Причем именно в искусстве жажда обретения «истинной длительности» превратилась в настоящие «поиски утраченного времени», а может быть, – и это еще острее – в поиски того времени, что вот-вот станет утраченным, не став еще обретенным. Я не берусь судить, удалась ли эта онтологическая попытка обретения времени. Но, кажется, XX век, с одной стороны, вроде бы, пристально вглядываясь в проблему времени (Гуссерль, Хайдеггер), с другой стороны, конституировал распад всех ценностей, в том числе и культурных, и обесценил и время как феномен, в онтологической субстанциальности, связности и структурности. В сфере культуры и искусства потеря субстанциального времени повлекла за собой потерю континуальности традиции: источник иссяк или ушел под землю… Но это уже совершенно другая история, в прямом и переносном смысле слова, хотя XX век как нельзя лучше соответствует выражению Томаса Манна «сама себя рассказывающая история».

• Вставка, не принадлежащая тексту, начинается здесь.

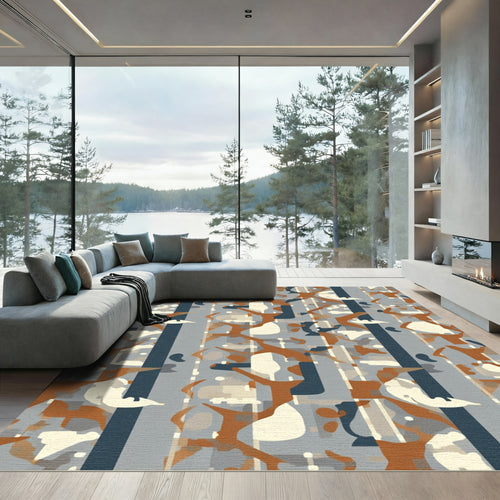 Abstract Blue Rust Organic Stripe Rug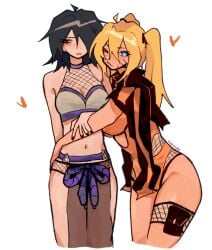 2girls bare_thighs bbw big_breasts black_eyes black_hair black_nail_polish black_nails blonde_hair blue_eyes blush breast_size_difference breasts busty canon_genderswap cleavage clothed clothing cuddle cuddling cute embarrassed embarrassed_female embrace embracing emo emo_girl facial_markings female female_focus female_only fishnet_clothing fishnet_legwear fishnet_shirt fishnets fully_clothed gender_transformation genderswap_(mtf) goth goth_girl hair_ribbon heart heart_symbol hi_res high_resolution highres hips hourglass_figure jacket large_breasts legwear light-skinned_female light_skin lips lipstick looking_at_viewer looking_away looking_to_the_side love_heart love_hearts makeup medium_breasts medium_hair messy_hair narrowed_eyes naruko naruto naruto_(classic) naruto_(series) naruto_shippuden naruto_uzumaki noanoakei one-piece_swimsuit one_eye_closed painted_nails pale-skinned_female pale_skin panties pink_lips pink_lipstick pose posing ribbon rule_63 sasuke_uchiha sasuko sexy_no_jutsu shoulder_length_hair shounen_jump shueisha shy size_difference skirt standing swimsuit thick_thighs thighs thunder_thighs tied_hair twintails uchiha_sasuke uzumaki_naruto very_high_resolution weekly_shonen_jump whisker_markings whiskers white_background wide_hips wink yellow_hair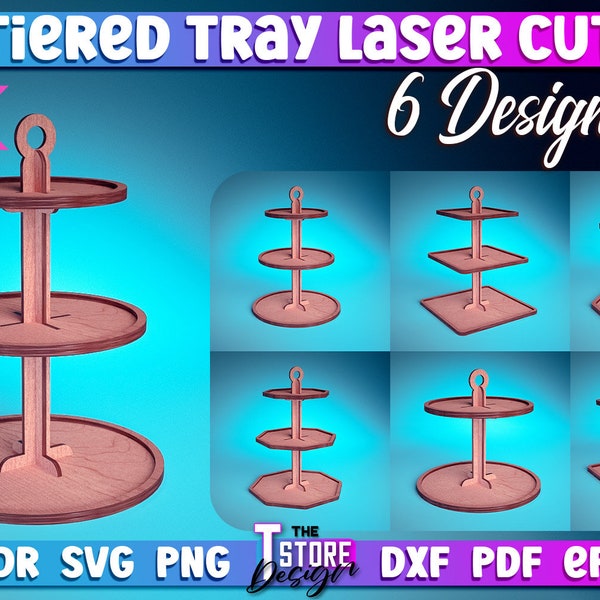 Tiered Tray Laser Cut SVG Bundle | Tiered Tray SVG Design | Laser Cut Files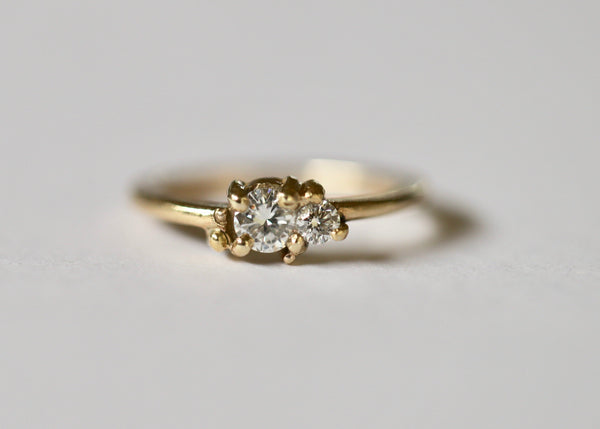 Annie ring by Katie Rose Jewellery - 19ct Gold ring featuring two diamonds and beading detail on a light gray background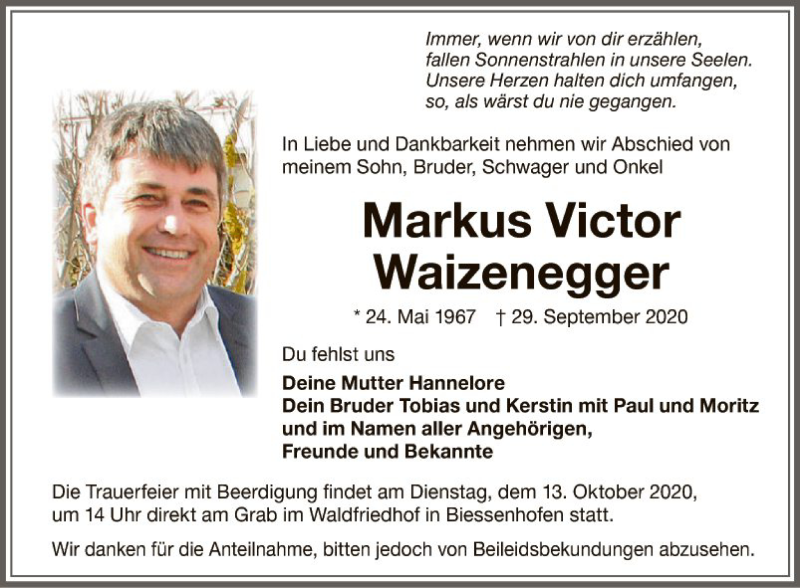  Traueranzeige für Markus Victor Waizenegger vom 10.10.2020 aus Mannheimer Morgen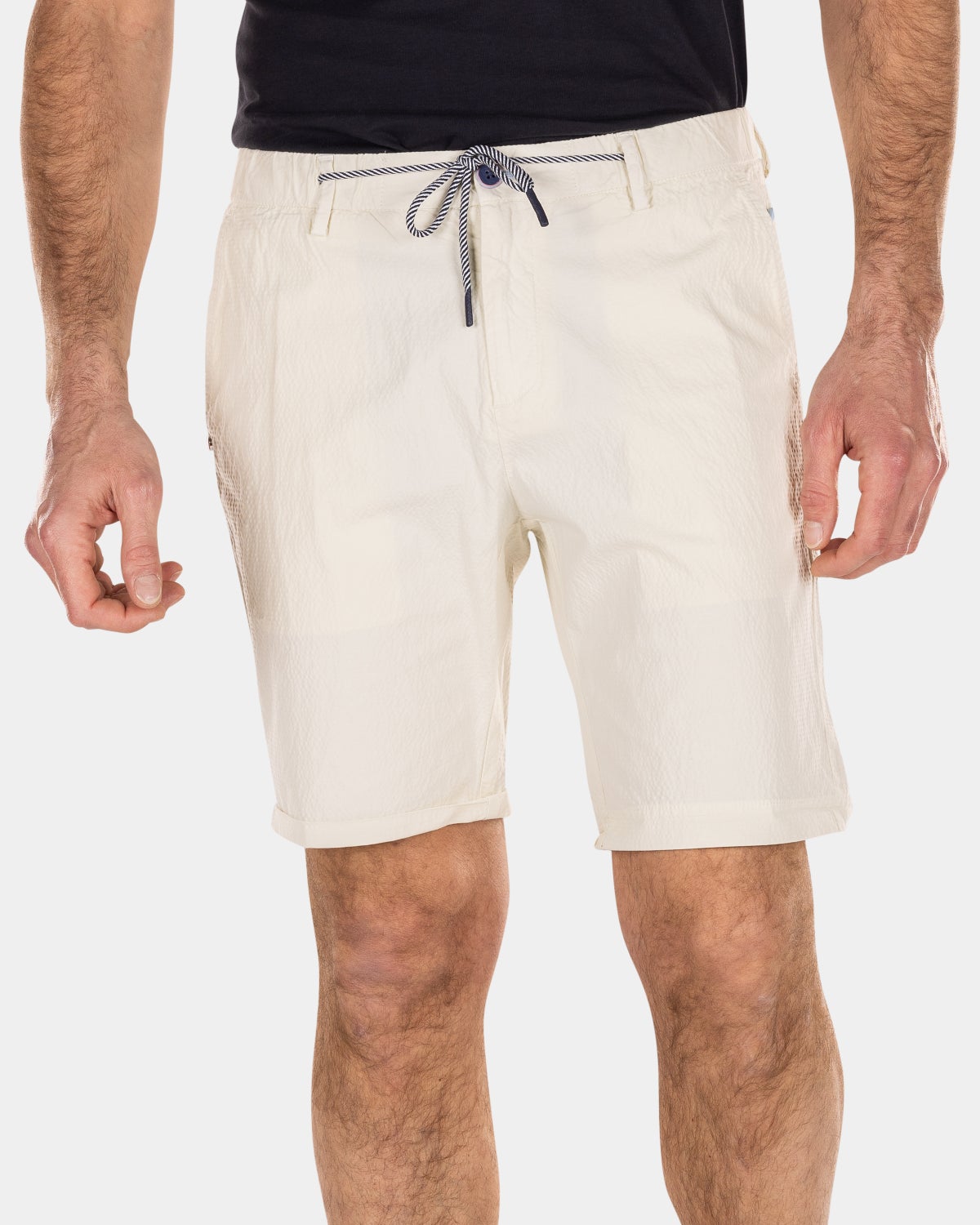 Korte chino van katoen - Cream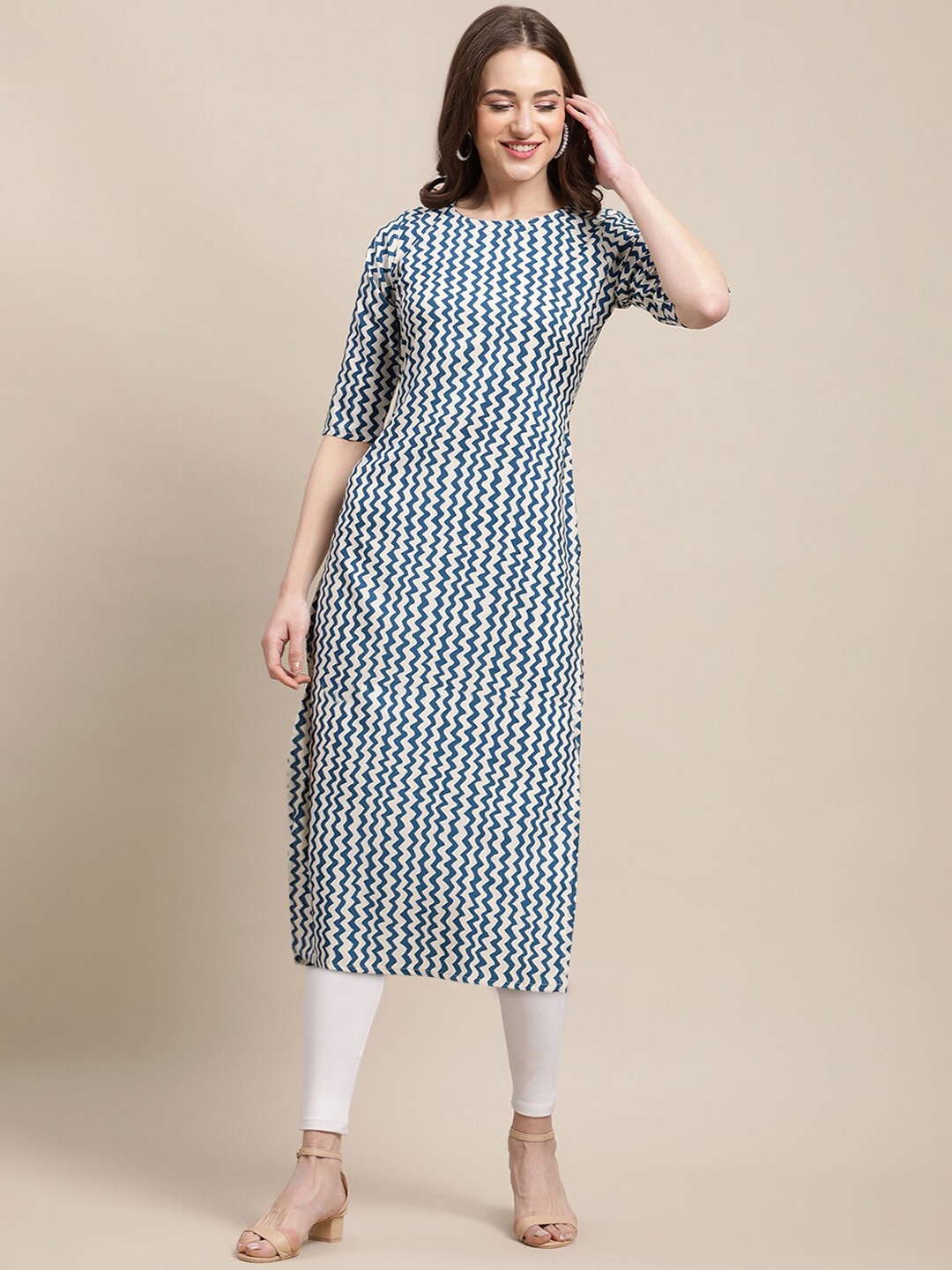 

7Threads Women Multicoloured Floral Printed Block Print Crepe Kurta, Multi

В последней трети XIX столетия и на рубеже XIX–XX веков грядущие авангардистские, постмодернистские и иные онтологические катаклизмы только предчувствовались и предвосхищались; но, если приглядеться, почти все поиски «истинной длительности» таят в себе тревогу по ее скорой потере или фиксируют это чувство тревоги, пусть и непроизвольно, совершенно случайно. Например, живопись импрессионистов – что может быть более чарующим для глаза, более ярким, фонтанирующим легкостью и весельем существования? Солнечные блики на траве, дуновение ветра, рябь на поверхности озера, развевающиеся полупрозрачные ткани, полуулыбки, гибкие движения, материализованные изгибы сиюминутности – что общего между этими феноменами и метафизической тревогой утраты подлинного времени? И все же, не раз и не два перед картинами импрессионистов многих охватывает чувство иллюзорности беззаботного счастья: сиюминутность и текучесть времени в их полотнах граничат с ощущением его неостановимого ускользания, и мимолетность приобретает привкус неотвратимости. Настоящее воспринимается как то, что невозможно никакими силами удержать. Таким образом, импрессионисты, стремясь показать зрителю время как оно есть, во всей его неуловимости, освободив живопись от необходимости монументализации и статизации момента (как это было в классической картине), – тем самым «выбили почву из-под ног». Перестав увековечивать момент, наполнять его непреходящими смыслами и тем самым продлевать до бесконечности его жизнь как феномена, импрессионисты проакцентировали бренность времени. Они этого не хотели, у них были другие задачи, – да, все так, все верно. Но факт остается фактом: в платоновом тезисе «время есть подвижный образ вечности» мы подчеркиваем либо компонент «Вечность», либо компонент «подвижный», гармоничная диалектика же этих двух компонентов дается с трудом. Смещая акценты, мы либо успокаиваемся в Вечности, либо бросаемся в метафизический поток преходящего времени. И, на мой взгляд, если мы теряем из виду, что это лишь образ чего-то незыблемого, непреходящего, недоступного земному пониманию, – мы тут же оказываемся в агонии сиюминутности.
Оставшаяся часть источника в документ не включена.